I have an arris cable modem from cox and i've been trying to get on xbox live for the past couple of days and i cant.I have already tried restarting the modem from the instructions cox and xbox.com give you, but they dont work. Automatic settings will not work either, and when i manually put in the settings from my computer(ip,mask,gate,dns,and other things) i cant get past the dns test. I always get past the ip test but not the dns test. Ive gotten past the dns test twice though but it fails at the MTU test. The few times i did get past the dns test also, after turning off my xbox and then back on, it would not get past it. So does anyone know of a way i can get this to work. Also I am using a direct connection to the modem. Our router died two weeks ago.


----------



## jeremyshomename

i have the same problem.. any help??


----------



## santa1411

I figured it out. You have to unplug both the power cord and the backup battery from the modem and then either unplug the cable cord from the modem or your wall. Make sure ur 360 is off with a disk not in it. Plug an ethernet cord from the modem to the back of your 360. Turn on your 360 and then wait 30 seconds then first plug in the cable cord and then the power and battery. When like the second light on the modem comes on press the reset button and then do the same thing one more time. After that go to your xbox and do the xxrblbxx thing on your memory setting and it should work. You have to do it on the device options menu in memory i think. After all that it should work.


----------



## unbrokenmirror

just keep trying


----------



## barak87

i have an arris tm602g/ct. i had to update 6 xbox 360s for a tournament. the only thing that would work is as follows:

turn on the xbox 360 and go to the network configuration. press the reset button on the moden and right when the LINK light goes solid, (and the telephone lights are still blinking) start the xbox live connection test on the xbox 360. it will fly through the ip and dns sections and take 5 to 10 seconds to finish up. if you wait until the modem finishes the telephone part to start the test, its too late. 

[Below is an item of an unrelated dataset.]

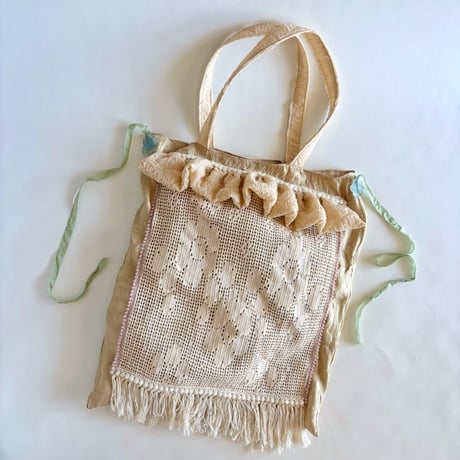 "upcycle" vintage lace  bag  (pale yellow)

it worked every time flawlessly. i had to redo it every time i plugged in another 360. but it would work completely fine after i did it the first time.

i have a whole string of complaints about comcast, but those are other stories for other times....


----------



## ksr100

Hi, reseting the modem i can connect my xbox. But when i connect xbox360 I can not connect my pc using a router.

Can you tell me what I should do?

Thank You


----------